Supposons que la société A effectue une livraison intracommunautaire à la société B, pour un montant hors taxes de 100.000 euros.

La société B (dite « taxi »), revend à la société C pour 100 000 euros TTC (soit 83 612 euros hors taxes pour un taux de TVA de 19,6 %), en facturant un montant de TVA qu'elle ne déclare pas, avant de disparaître.

La société C va pouvoir imputer (ou se faire rembourser) la TVA facturée par B, soit 16 388 euros. Ayant acheté à un prix HT de 83 612 euros, C a abaissé son prix de revient de 16,4 %, et bénéficie donc d'un avantage concurrentiel qui lui permettra d'accroître ses ventes, ou sa marge.

Dans un tel montage, le bénéfice est localisé au niveau de la société C, mais c'est la société B qui joue le rôle décisif (1). La fraude résulte directement du mécanisme de la TVA intracommunautaire, et du fait que A vend hors taxes à B. En effet, en TVA interne, B chercherait à déduire la TVA facturée par A : pour cela, il faudrait soit l'imputer sur la TVA facturée à C (ce qui oblige à verser celle-ci), soit éventuellement en demander le remboursement, ce qui éveillerait l'attention de l'administration fiscale, et ne permettrait pas une disparition immédiate de l'entreprise « taxi ».

A l'inverse, en TVA intracommunautaire, B doit normalement auto-liquider la TVA sur son acquisition intracommunautaire auprès de A, et la déduire immédiatement, sans aucun mouvement de trésorerie.
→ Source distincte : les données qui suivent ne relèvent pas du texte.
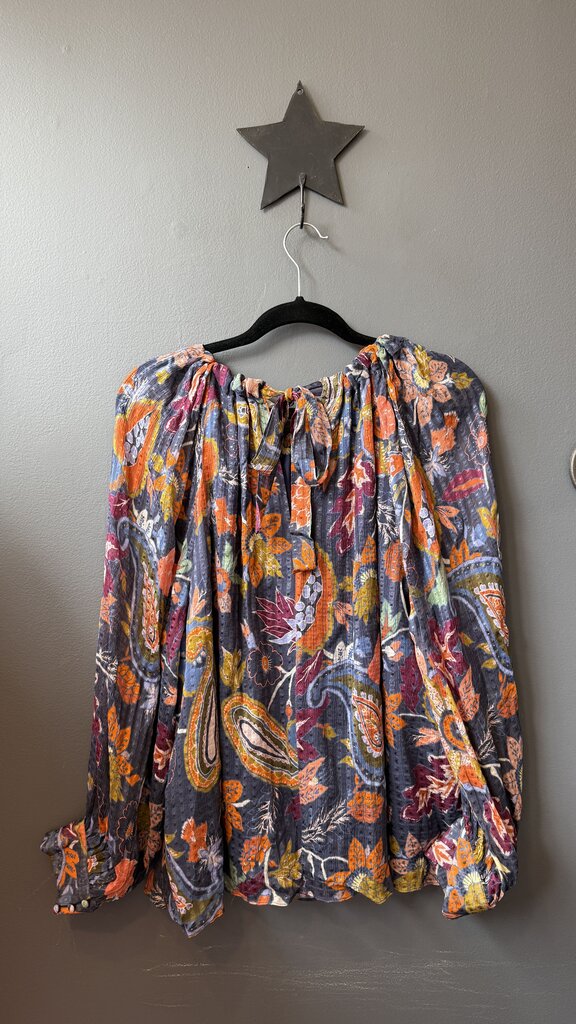 Paisley Floral Tie Back Blouse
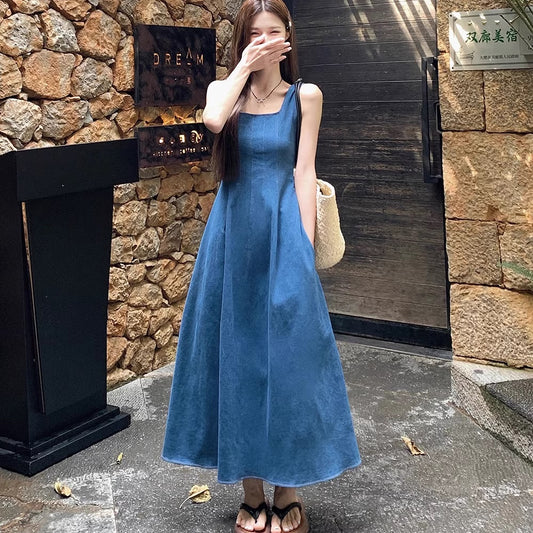 デニム ワンピース 韓国 夏 Aライン フレア ノースリーブ ロングワンピース スクエアネック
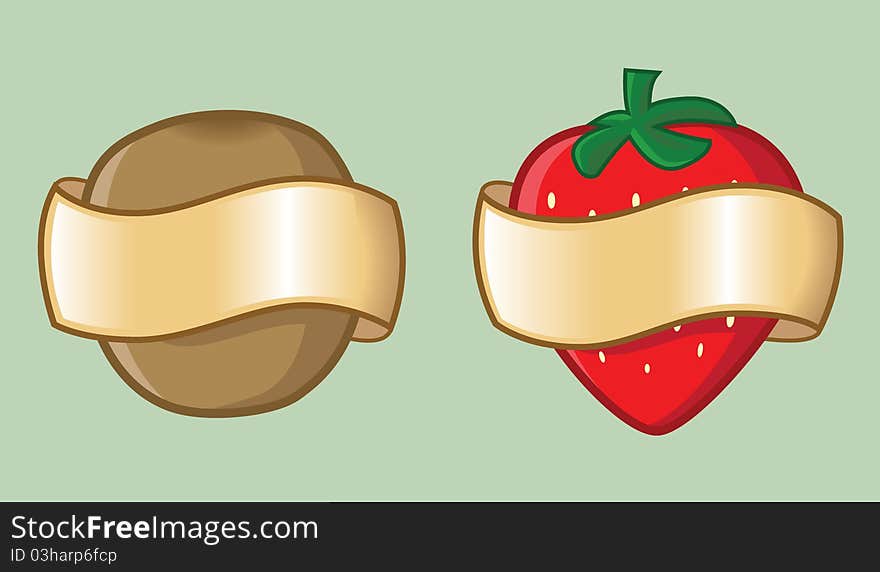 An image of fruit (kiwi, strawberry) covered with editable banner. An image of fruit (kiwi, strawberry) covered with editable banner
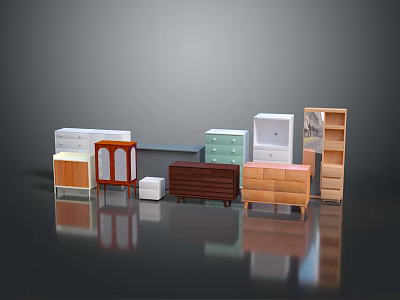 Assorted Furniture Pieces in Various Styles and Colors Including Dressers Cabinets and Bookshelves 3d model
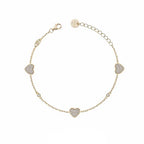 Bracciale Donna Liu Jo Argento 925 Dorato Cuori Zirconi Bianchi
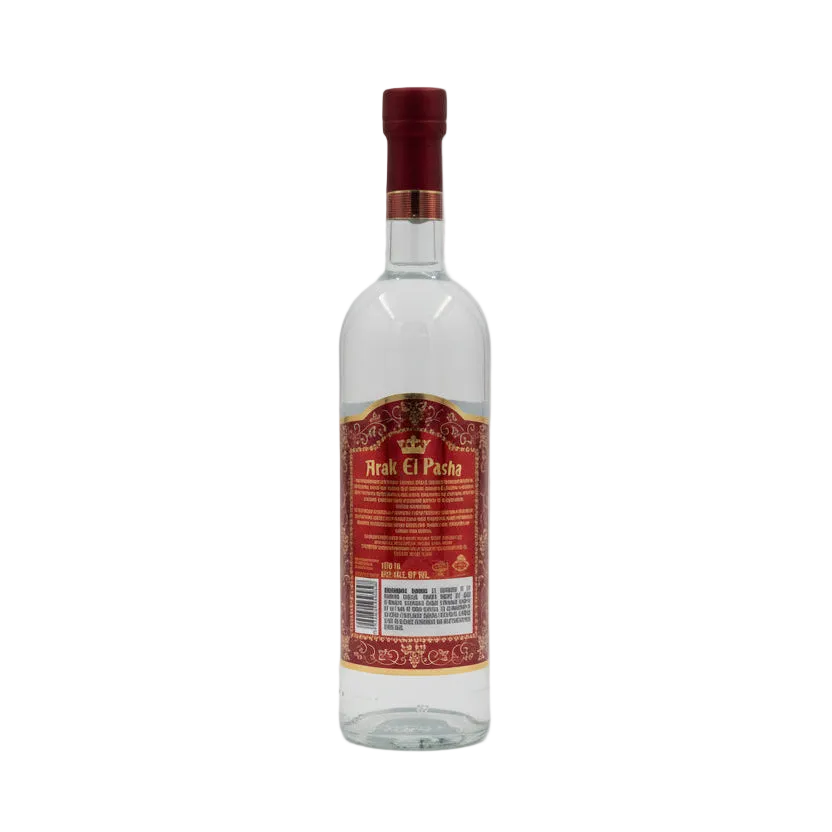 Back of Arak Al Pasha 750ml bottle showing burgundy-and-gold information label and barcode.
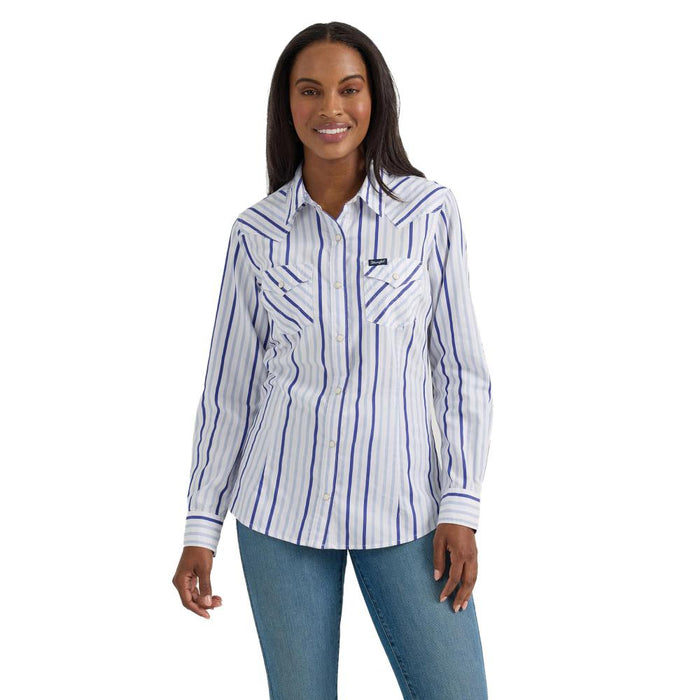 Womens Blue Stripe Snap Shirt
La rentabilité des fraudes carrousel est très élevée, dans la mesure où chaque traversée de la frontière (on peut en rencontrer plusieurs successivement) permet de transformer un prix hors taxes en prix TTC, et donc de « gagner » le montant de la TVA (2) sur la totalité de la valeur du bien. A titre de comparaison, on peut observer qu'une fraude résultant d'une vente sans facture sur le marché interne ne porte que sur la TVA à collecter sur la valeur ajoutée au dernier stade de production (puisque la TVA sur les intrants ne peut être déduite, dans un tel schéma) : elle est donc beaucoup moins rentable.

Selon les cas de fraudes carrousel, il arrive que les circuits de factures soient doublés de flux physiques réels (3), ou complètement fictifs.
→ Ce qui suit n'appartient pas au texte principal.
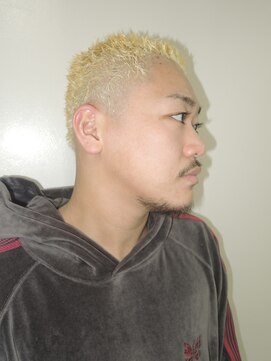 メンズカットハイトーンアップバングスパイキーショート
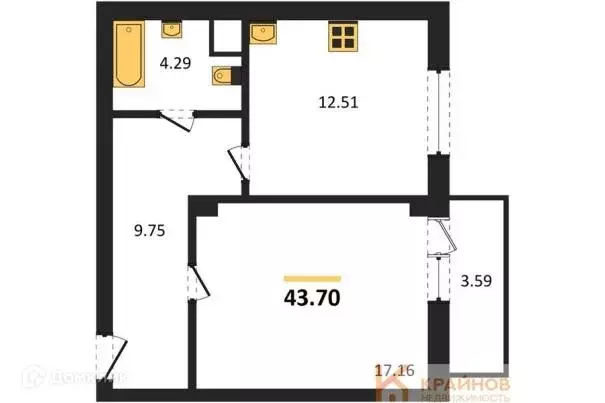 Продаётся 1-к квартира, 43.7 м - Фото 0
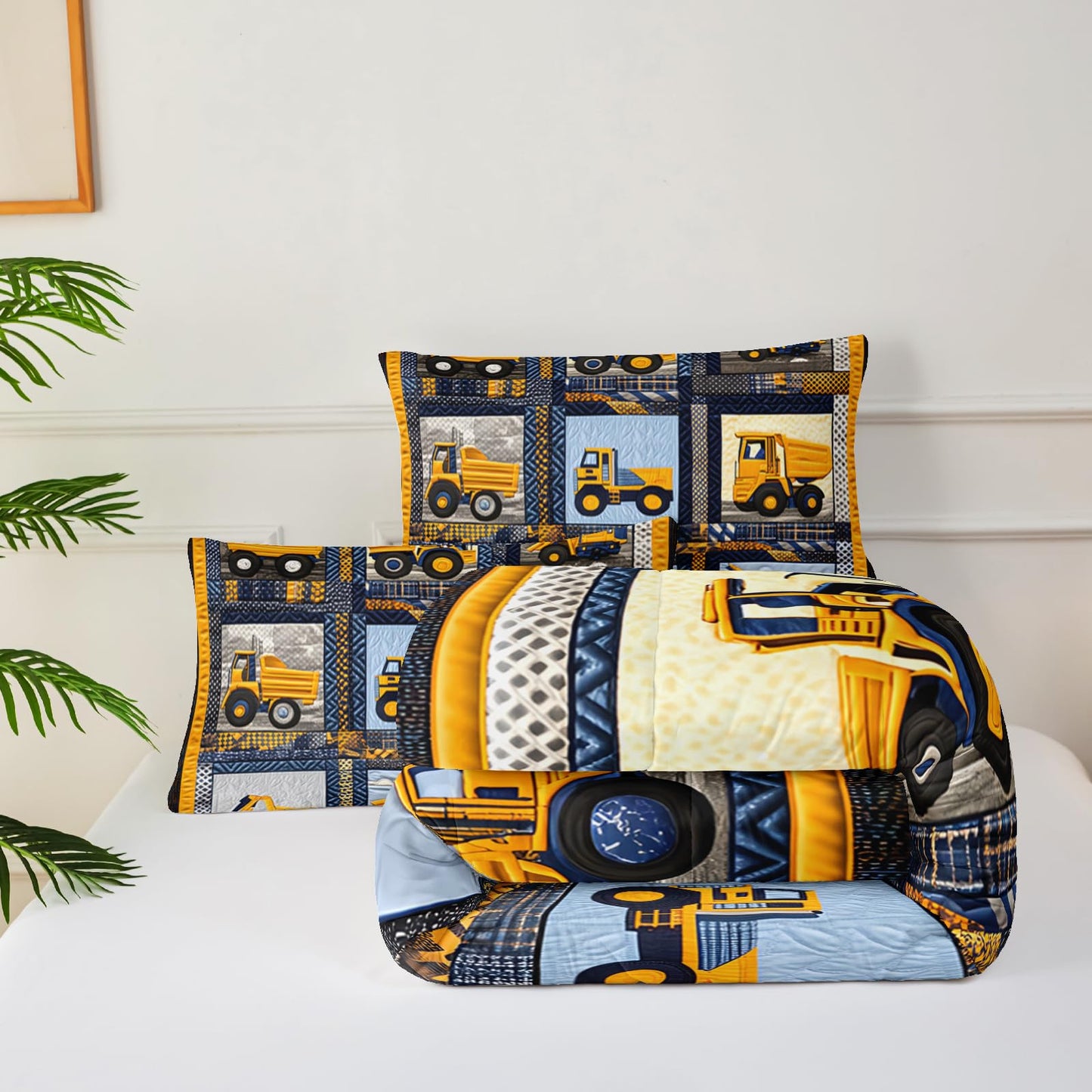 lneffble Kids Excavator Comforter Set Twin,Boys Construction Bedding Set,Yellow Vehicles Excavator Tractor Print Bedding Set,Soft Microfiber Cartoon Truck Quilt Set for Room Decor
(1) La société B est comptablement déficitaire (hors taxes), mais ce déficit ne se matérialise pas car la TVA facturée n'est pas versée.

(2) calculé « en dedans », soit un gain de 16,4 % pour un taux de 19,6 %.

(3) qui peuvent être utiles notamment pour justifier que la société A a bien vendu à un assujetti d'un autre Etat membre, ce qui permet l'exonération de sa livraison intracommunautaire.

Source : Cour des comptes, La TVA, XIX ème rapport au Président de la République, juin 2001

B. UNE FRAUDE DE GRANDE AMPLEUR CONTRE LAQUELLE LES MESURES DE LUTTE S'AVÈRENT INSUFFISANTES

L'ampleur de cette fraude apparaît préoccupante pour beaucoup d'Etats membres puisqu'elle peut représenter jusqu'à 10 % de leurs recettes nettes de TVA.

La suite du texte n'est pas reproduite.